INPUT:

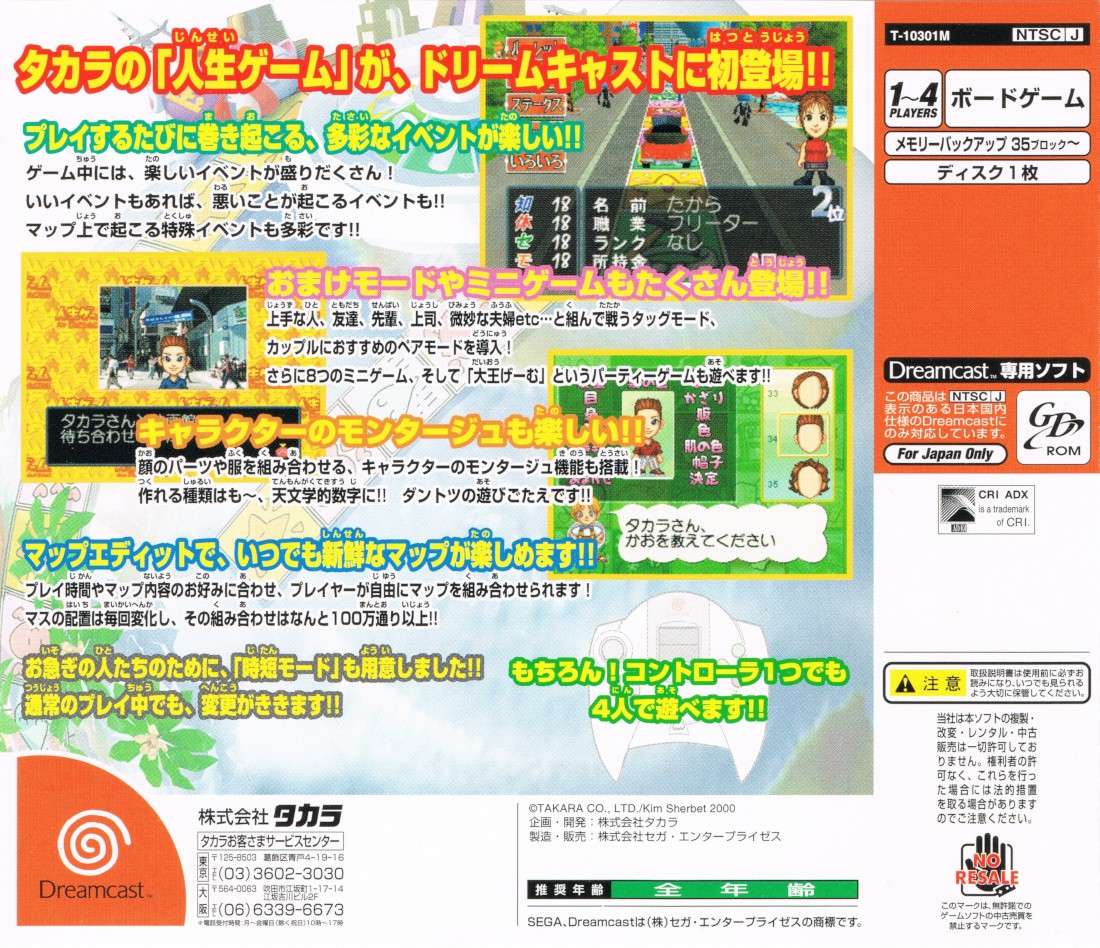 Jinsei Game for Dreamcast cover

--

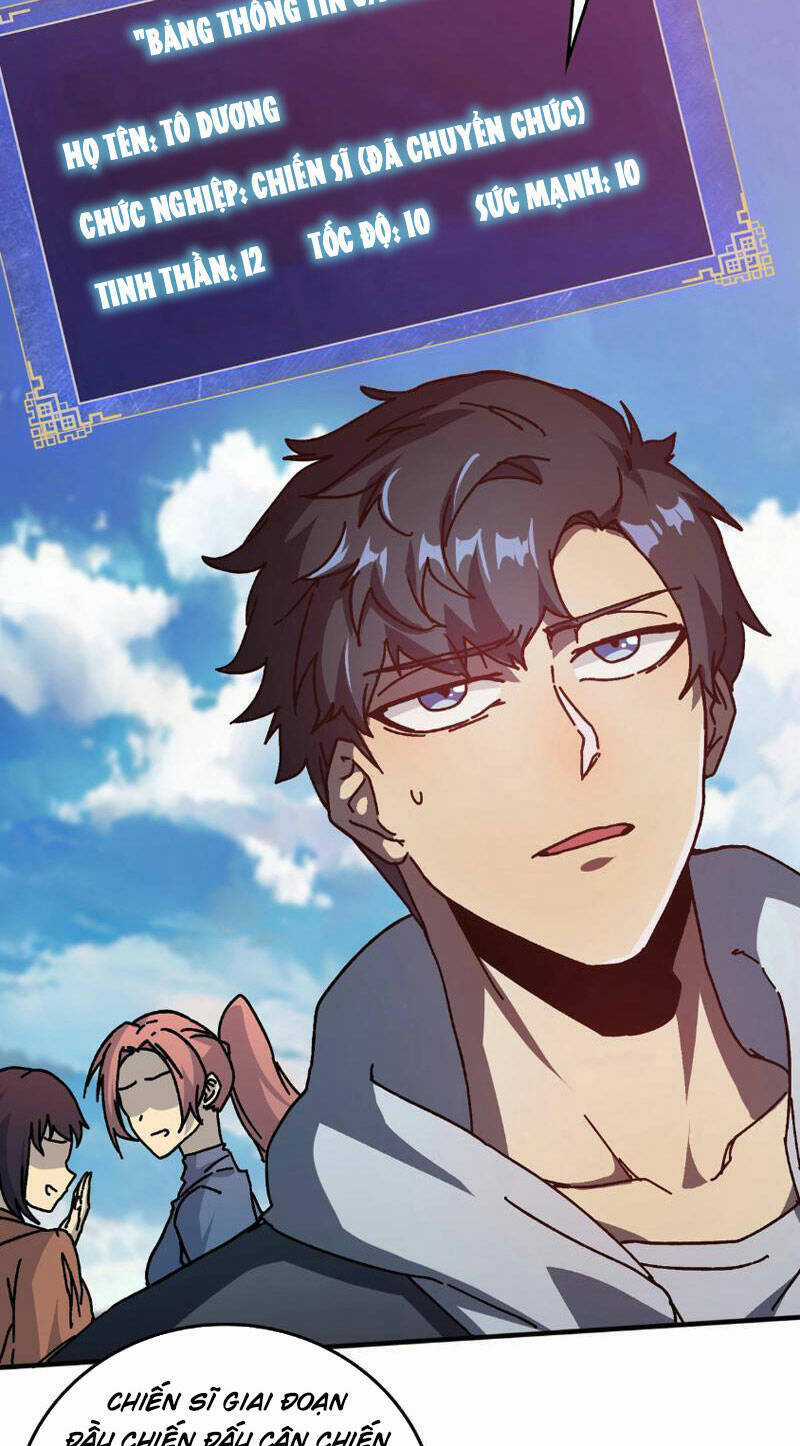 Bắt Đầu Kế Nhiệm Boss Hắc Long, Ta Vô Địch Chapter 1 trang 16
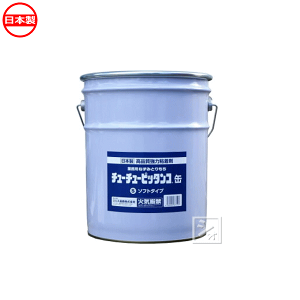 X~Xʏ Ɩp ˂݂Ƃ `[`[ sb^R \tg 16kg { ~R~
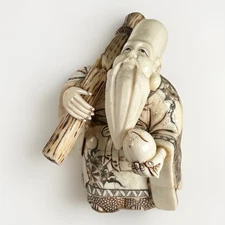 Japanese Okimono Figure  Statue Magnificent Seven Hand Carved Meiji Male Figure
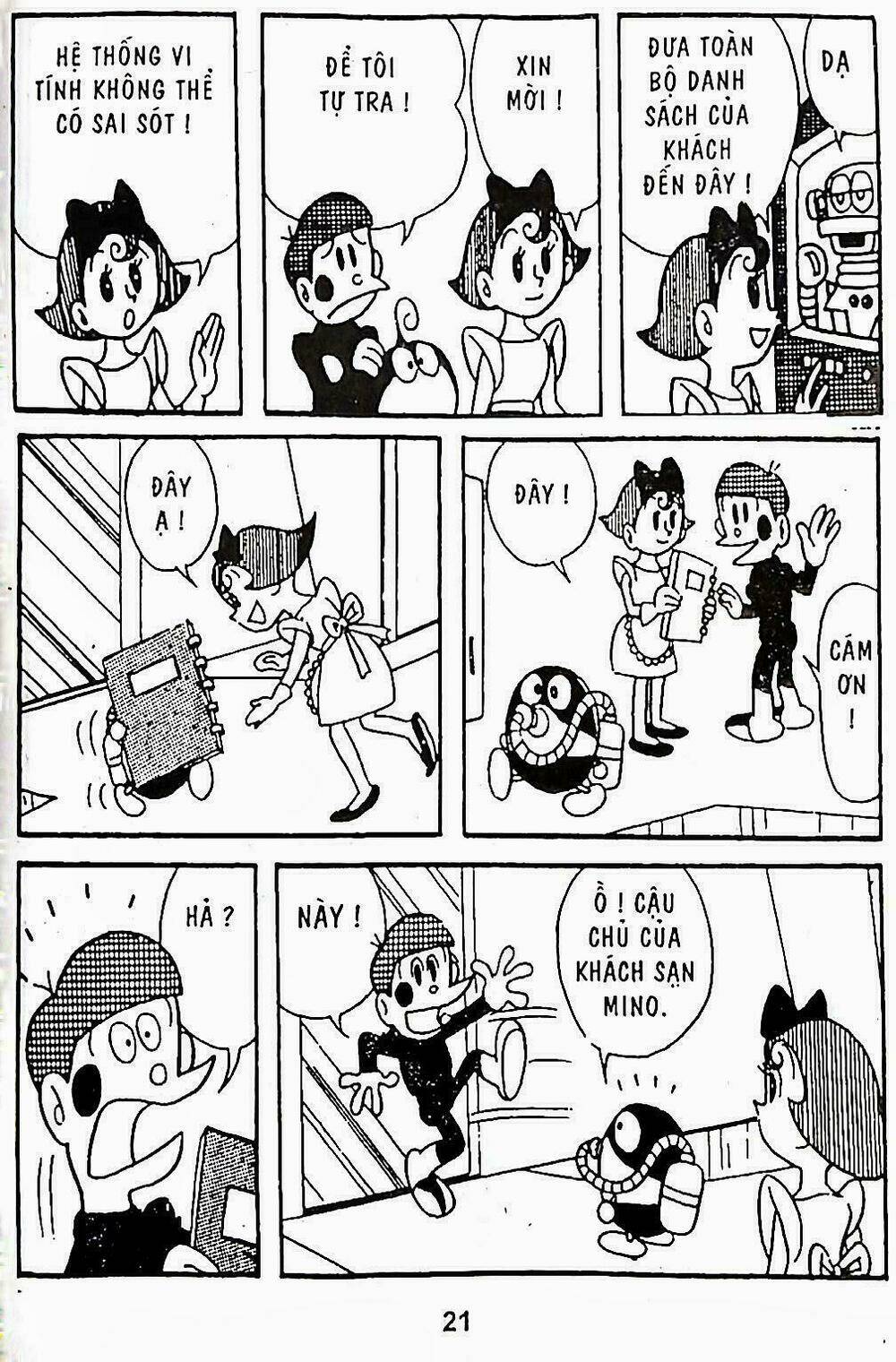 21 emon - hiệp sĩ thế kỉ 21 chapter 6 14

AIM OF THE EXERCISE:
Exact repeat of the material above: every line from the one with "Japanese Okimono Figure" through the one with "21 emon - hiệp sĩ thế kỉ 21 chapter 6 14", endpoints included, and nothing more. No pictures.

EXPECTED OUTPUT:
 Japanese Okimono Figure  Statue Magnificent Seven Hand Carved Meiji Male Figure
 21 emon - hiệp sĩ thế kỉ 21 chapter 6 14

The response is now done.